Will this fall’s film festivals finally kick off a normal awards season?

The 2022-2023 film awards season arrives in full force on Wednesday with the first screenings at the Venice Film Festival, and this year the season will be coming in strong after two lackluster years.

Right? It’s it is It’s going to come strong, right?

Please?

That’s the feeling in the community that I like to think of as Hollywood’s Kudo Industrial Complex. That community limped through a year, 2020, in which theaters were closed, film festivals were canceled or moved online, and almost all shows were virtual; and a second year, 2021, which began as a cautiously muted season but was then caught off guard by a resurgence of COVID that forced a return to streaming and virtual events.

With the Venice Film Festival kicking off on Wednesday, followed by the three-day Telluride Film Festival on Friday and then the gargantuan Toronto International Film Festival next Thursday, there’s a palpable longing for things to get back to normal. normal. In fact, you could say it’s a desperation for the days of packed screenings and raving crowds at the Lido or in the mountains or on Canadian streets.

After all, here’s a little bit of what the next two and a half weeks will bring:

Noah Baumbach! Alejandro G. Iñárritu! Sam Mendez!

Darren Aronofsky, Martin McDonagh, Werner Herzog, Rian Johnson, Peter Farrelly, Gina Prince-Bythewood!

Steven Spielberg!!

Plus on-screen appearances by Jennifer Lawrence, Colin Farrell, Hugh Jackman, Olivia Colman, Jessica Chastain, Eddie Redmayne, Nicholas Cage, Viola Davis, Daniel Craig, and double doses of Florence Pugh and Harry Styles!

No constant COVID-19 testing!
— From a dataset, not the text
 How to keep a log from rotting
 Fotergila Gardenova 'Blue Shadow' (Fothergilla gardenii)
Fewer travel restrictions!

But just as box office receipts came back strong with “Top Gun: Maverick” and “Elvis” a few months ago, only to dry up when studios faltered in their commitment to theatrical release, there’s no real guarantee that fall festivals …the Venice/Telluride/Toronto overlapping trio, followed two weeks later by the New York Film Festival, everything will run smoothly and healthily. Nor that they will lay the groundwork for the kind of solid awards season everyone desperately wants to see.

As usual, Venice has many prestigious films and international productions, but it also has its fair share of films whose creators and sponsors have award aspirations beyond the international categories. The first of these is Noah Baumbach’s adaptation of Don DeLillo’s novel “White Noise,” starring Adam Driver, which opened the festival on Wednesday.
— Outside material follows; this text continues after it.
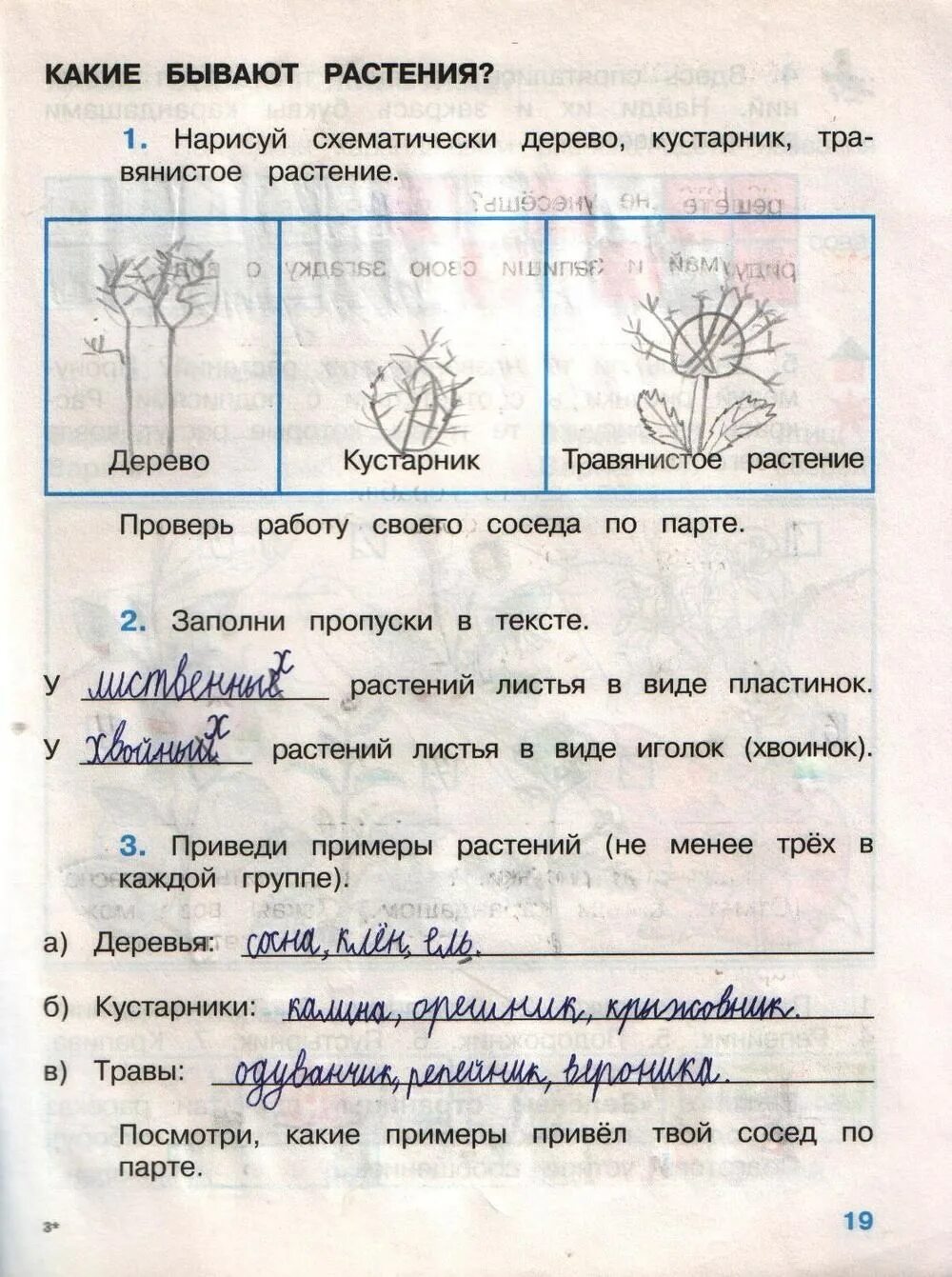 Окружающий мир 2 класс рабочая тетрадь 1 часть Плешаков ответы стр 19. Окружающий мир 2 класс рабочая тетрадь Плешаков стр 3. Окружающий мир 2 класс 2 часть рабочая тетрадь а а Плешаков 2 часть. Рабочая тетрадь окружающий мир 2 класс две части Плешаков.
The Venice Film Festival poster will include Timothée Chalamet in 'Bones and All', Ana de Armas in 'Blonde'

Other Venice entries include Darren Aronofsky’s “The Whale,” with a supposedly revitalizing performance by Brendan Fraser as an overweight man trying to reconnect with his daughter; “The Banshees of Inisherin,” in which Irish playwright and director Martin McDonagh (“Three Billboards Outside Ebbing, Missouri”) reunites with his “In Bruges” stars Colin Farrell and Brendan Gleeson; Andrew Dominick’s “Blonde,” starring Ana De Armas as a fictionalized version of Marilyn Monroe; “The Son,” with Hugh Jackman and Laura Dern starring in “The Father” director Florian Zeller’s stage play adaptation; Olivia Wilde’s “Don’t Worry Darling,” with Florence Pugh and Harry Styles; and “Bardo: False Chronicle of a Handful of Truths,” a Spanish-language fantasy by Alejandro G. Iñárritu, which follows the path of Iñárritu’s Oscar-winning “Birdman” by playing Venice and Telluride but not Toronto.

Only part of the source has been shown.